John Ogden laughed. “He’ll never let you send that one back, Miss Frink. The youth of to-day have reverted to savagery.”

“My vote is that it should go back,” declared Leonard Grimshaw. The sphinx had spoken, and in a voice that cracked.

“Oh, we’re in the minority, Grim,” sighed Miss Frink.

“I don’t believe so,” he said, making one last stand for the circumspection and decency of the house. “Mr. Stanwood and Mrs. Lumbard find it to their taste evidently, but Mr. Ogden I’m sure does not. I think it is simply disgusting, and if Millicent Duane is honest she will say the same.”

His heat amused Hugh, who caught the glance which the young girl, appealed to, turned to him, involuntarily. He leaned forward and held her there. She could not free herself quickly from that laughing, questioning gaze.

Starting up from her chair she said: “I—I don’t believe I heard it—much.”

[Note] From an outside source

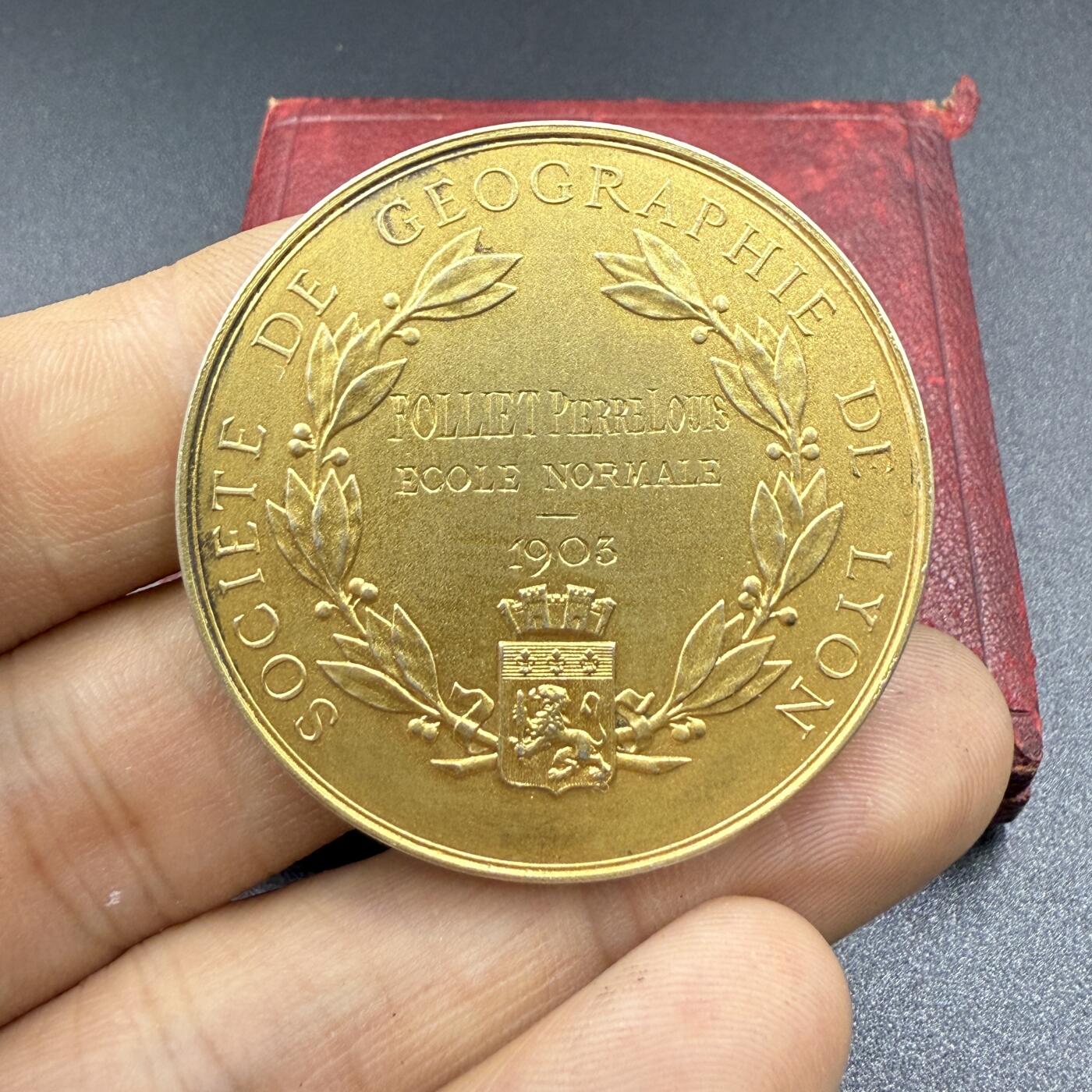 「木头集藏」“双节献礼”——章牌精品专场！ 1903年法国里昂地理学会镀金原盒银章，直径：41 mm，31.8 g，正面刻画玛丽安娜女神高举火炬照亮基座上地球仪，基座上的“PAX”（和平）铭牌、双蛇杖（商业与医学的象征）、矛（殖民与战争）、帆船（航海）、植物（丰收）等元素，寓意地理对各项工作的重要性；背面刻画里昂城市盾徽。很少见的一款银章，品相不错！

“Didn’t hear it!” exclaimed Miss Frink, putting her hands over her own suffering ears.

“I—Grandpa is waiting for me, Miss Frink. If you don’t need me any more—”

“No, child. I don’t need you. Thank you, and run along.”

Millicent swept the room with a vague, inclusive nod, and, going out into the hall, hurried to the stairs, and ran down. Her breath came fast, her eyes were dim and she stumbled. Some one behind her, unheard on the thick covering, caught her. She started and flung a hand across her eyes.

“Did you have your cab wait, Miss Duane?” asked John Ogden.